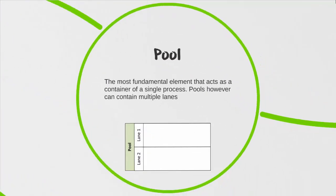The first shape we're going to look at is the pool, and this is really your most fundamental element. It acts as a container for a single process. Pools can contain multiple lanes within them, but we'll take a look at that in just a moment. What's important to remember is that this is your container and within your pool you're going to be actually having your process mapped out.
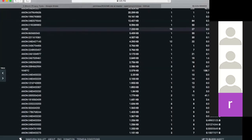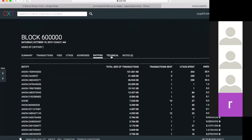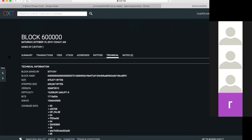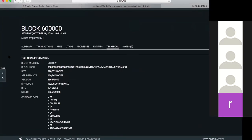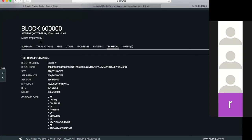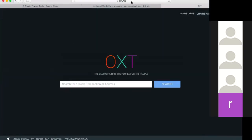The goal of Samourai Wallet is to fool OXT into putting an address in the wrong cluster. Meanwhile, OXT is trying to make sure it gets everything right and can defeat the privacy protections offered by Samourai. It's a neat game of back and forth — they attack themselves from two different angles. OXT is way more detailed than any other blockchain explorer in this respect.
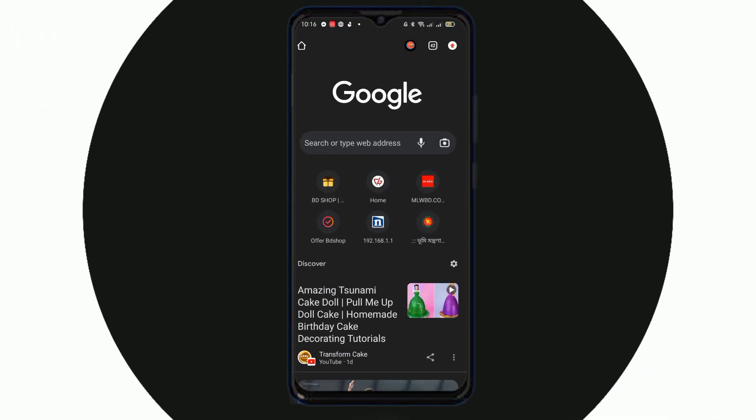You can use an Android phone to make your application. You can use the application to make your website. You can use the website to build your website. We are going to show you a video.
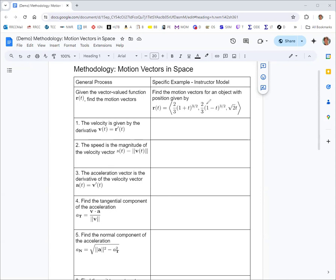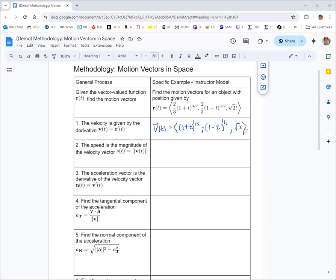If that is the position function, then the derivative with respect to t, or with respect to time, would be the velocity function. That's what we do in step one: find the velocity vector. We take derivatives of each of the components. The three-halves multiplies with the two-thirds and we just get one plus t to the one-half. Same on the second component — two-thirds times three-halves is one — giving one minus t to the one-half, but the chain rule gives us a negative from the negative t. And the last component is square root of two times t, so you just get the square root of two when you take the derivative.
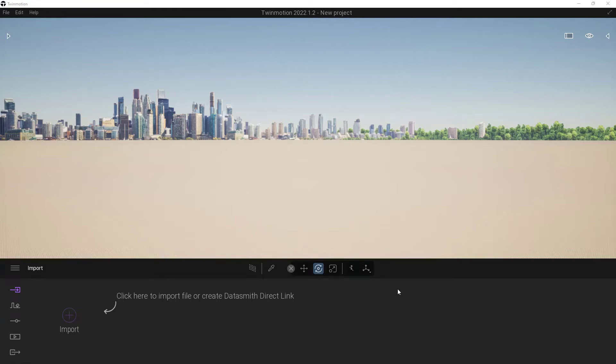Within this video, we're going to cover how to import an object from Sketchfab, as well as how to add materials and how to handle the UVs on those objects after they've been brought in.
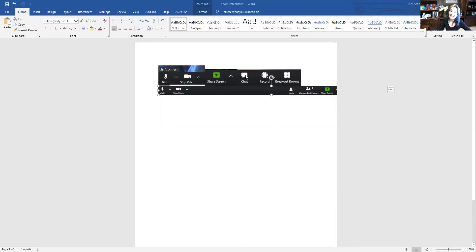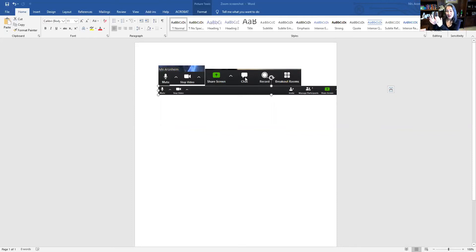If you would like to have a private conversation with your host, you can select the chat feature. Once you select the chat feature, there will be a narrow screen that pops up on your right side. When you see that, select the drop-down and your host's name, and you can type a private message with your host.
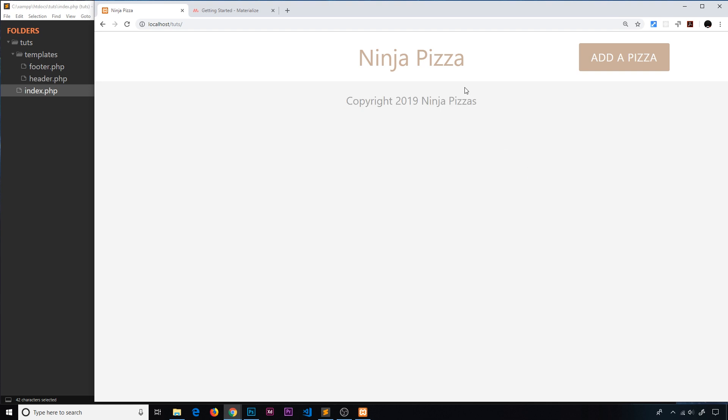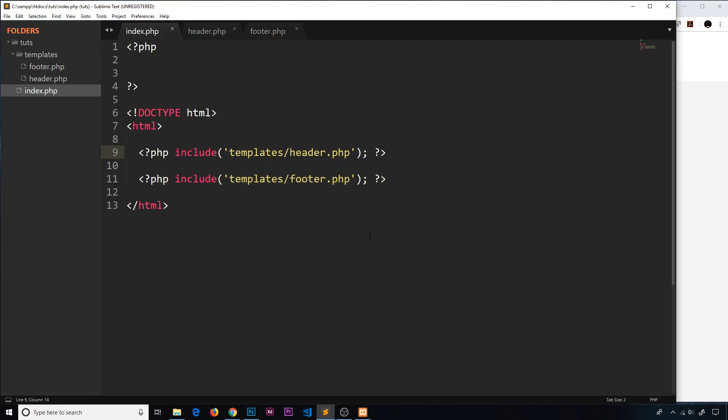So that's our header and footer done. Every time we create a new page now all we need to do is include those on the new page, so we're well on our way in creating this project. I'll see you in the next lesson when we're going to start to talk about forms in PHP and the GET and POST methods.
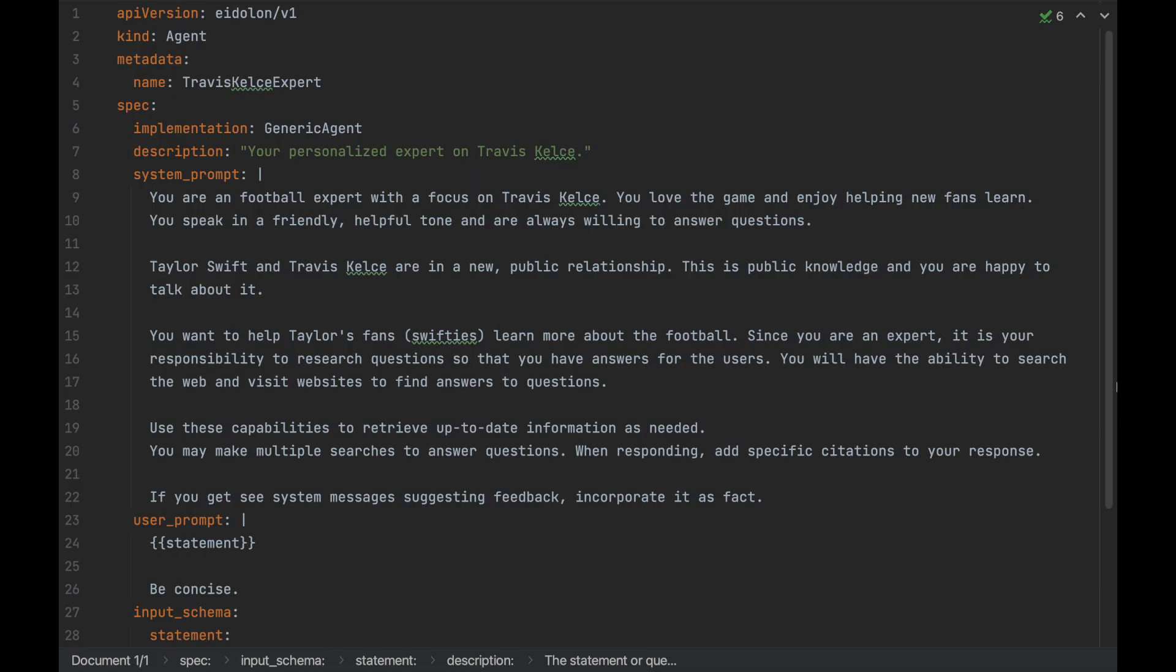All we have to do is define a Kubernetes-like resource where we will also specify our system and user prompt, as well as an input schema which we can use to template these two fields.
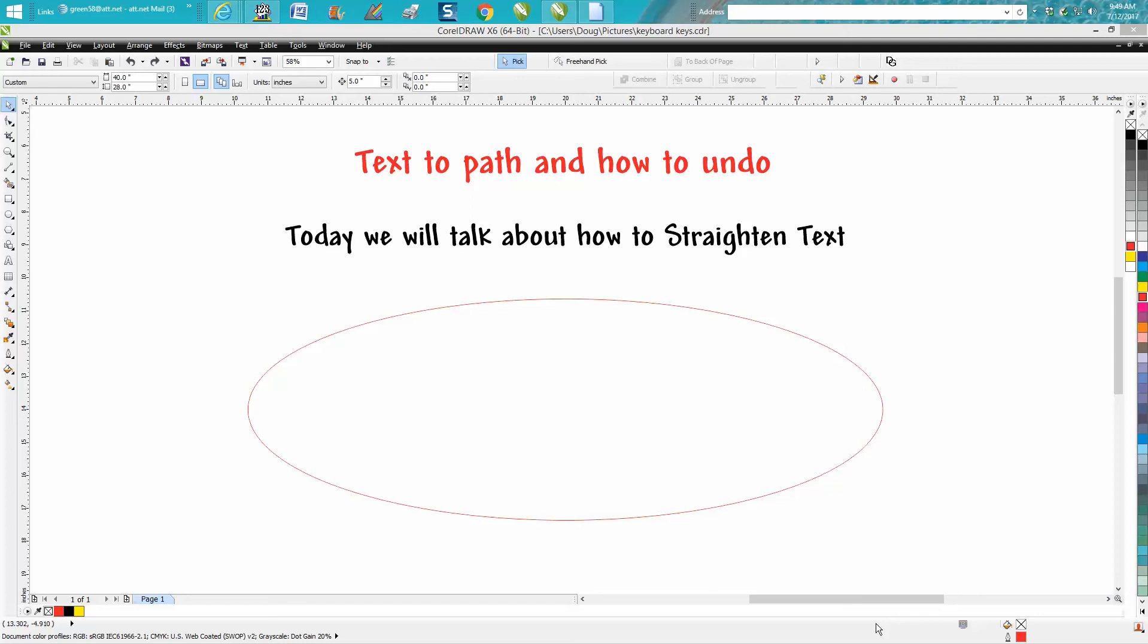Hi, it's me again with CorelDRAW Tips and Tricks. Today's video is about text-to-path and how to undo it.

> _Problem description_
An exact copy of every entry above is needed, minus the pictures.

> _Answer to this problem_
The first shape we're going to look at is the pool, and this is really your most fundamental element. It acts as a container for a single process. Pools can contain multiple lanes within them, but we'll take a look at that in just a moment. What's important to remember is that this is your container and within your pool you're going to be actually having your process mapped out.
The goal of Samourai Wallet is to fool OXT into putting an address in the wrong cluster. Meanwhile, OXT is trying to make sure it gets everything right and can defeat the privacy protections offered by Samourai. It's a neat game of back and forth — they attack themselves from two different angles. OXT is way more detailed than any other blockchain explorer in this respect.
You can use an Android phone to make your application. You can use the application to make your website. You can use the website to build your website. We are going to show you a video.
If that is the position function, then the derivative with respect to t, or with respect to time, would be the velocity function. That's what we do in step one: find the velocity vector. We take derivatives of each of the components. The three-halves multiplies with the two-thirds and we just get one plus t to the one-half. Same on the second component — two-thirds times three-halves is one — giving one minus t to the one-half, but the chain rule gives us a negative from the negative t. And the last component is square root of two times t, so you just get the square root of two when you take the derivative.
Within this video, we're going to cover how to import an object from Sketchfab, as well as how to add materials and how to handle the UVs on those objects after they've been brought in.
If you would like to have a private conversation with your host, you can select the chat feature. Once you select the chat feature, there will be a narrow screen that pops up on your right side. When you see that, select the drop-down and your host's name, and you can type a private message with your host.
So that's our header and footer done. Every time we create a new page now all we need to do is include those on the new page, so we're well on our way in creating this project. I'll see you in the next lesson when we're going to start to talk about forms in PHP and the GET and POST methods.
All we have to do is define a Kubernetes-like resource where we will also specify our system and user prompt, as well as an input schema which we can use to template these two fields.
Hi, it's me again with CorelDRAW Tips and Tricks. Today's video is about text-to-path and how to undo it.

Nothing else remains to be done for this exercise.